My talented brother Brendan O’Malley is an amazing writer and actor. He’s wonderful in the recent You & Me, directed by Alexander Baack. (I interviewed Baack about the film here.) His most recent gig was story editor/writer on the hit series Survivor’s Remorse. Brendan hasn’t blogged in years, but the “content” (dreaded word) is so good I asked if I could import some of it to my blog. He did series on books he loved, and albums he loved. I thought it would be fun to put up some of the stuff here. So we’ll start with his list of 50 Best Albums. I’ll put up one every Monday.
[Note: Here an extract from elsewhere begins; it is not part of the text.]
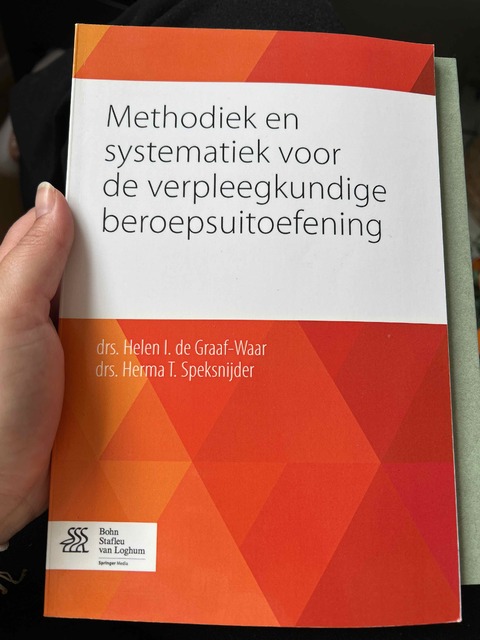 9789036808477-Methodiek-en-systematiek-voor-de-verpleegkundige-beroepsuitoefening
Brendan’s list of 50 Best Albums is part music-critique and part memoir and part cultural snapshot.
I have always loved these essays, because I love to hear my brother talk. I am happy to share them with you!
50 Best Albums, by Brendan O’Malley
6. Green Day – American Idiot
Calling this album a shock is an understatement of the highest order. By the time September 2004 rolled around, Green Day had become an after-thought, at best. Fans of the band will dispute this but those are true-believers. If you had said that Green Day’s next album would be a blockbuster along the lines of The Police’s Synchronicity or Michael Jackson’s Thriller, you would have been laughed out of the room.
But that is just what happened and more. Somehow these bratty snot-nosed punks pulled a rock opera out of their collective ass that perfectly encapsulated the malaise of Post 9/11 American consciousness. They did wha????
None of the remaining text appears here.